ALEXANDRIA, Va. — For five years, a federal judge upset with the prosecution of a former Tampa professor once accused of being a leading terrorist has refused to rule on his case. It has left the government unable to deport him, unable to prosecute him and flummoxed on how to move forward.
In April 2009, U.S. District Judge Leonie Brinkema told lawyers she would rule "soon" on whether to dismiss criminal contempt charges filed in Virginia against former University of South Florida computer science professor Sami Al-Arian, a prominent Palestinian activist, who refused to testify in a separate terror-related investigation.
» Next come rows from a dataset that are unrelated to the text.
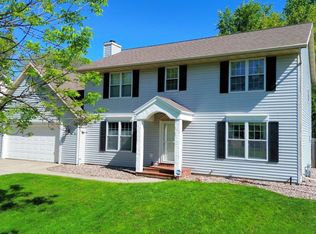 2630 Red Fern Ln, Green Bay, WI 54304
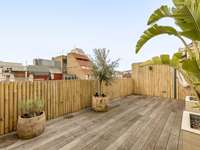 living - Ático de 52m² con 62m² terraza en venta en Eixample Derecho - gallery thumbnail - 7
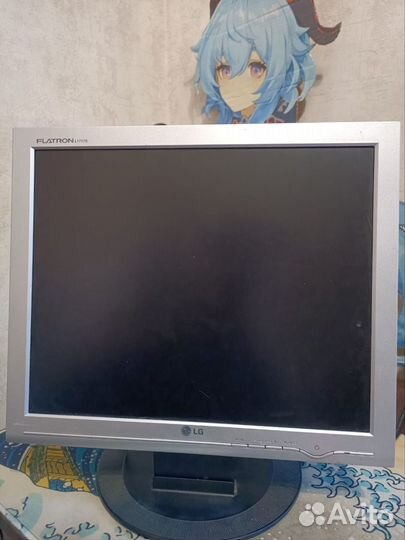 Монитор LG Flatron L1717S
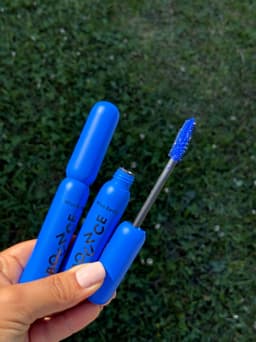 Mascara Rimel de pestañas color azul - imagen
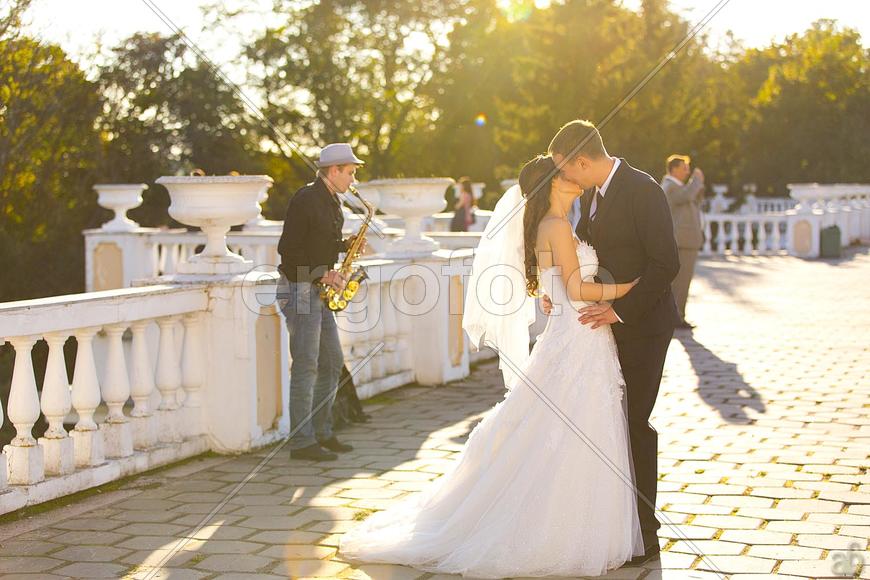 Влюбленная пара на улице (свадьба)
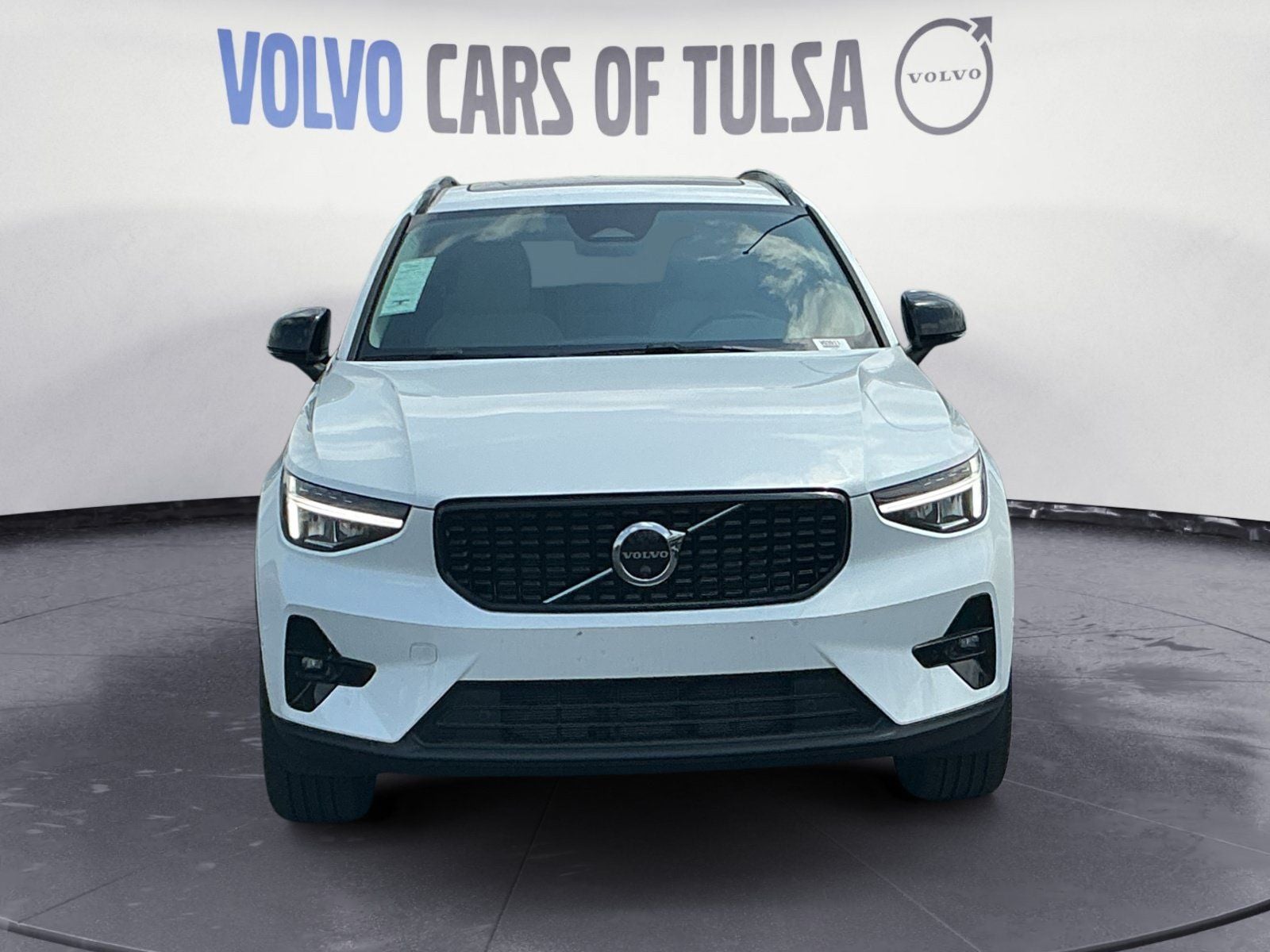 2026 Volvo XC40 B4 Plus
The ruling hasn't come, and nothing has happened in the case, unusual for Alexandria's federal courthouse known in legal circles as the Rocket Docket for its swift disposition of cases.
On the surface at least, Al-Arian — who has declined to invoke his speedy trial rights — benefits from his silence and the standoff. If the Virginia case were dropped, Al-Arian, 56, would be deported under a plea deal reached with federal prosecutors in Tampa in May 2006.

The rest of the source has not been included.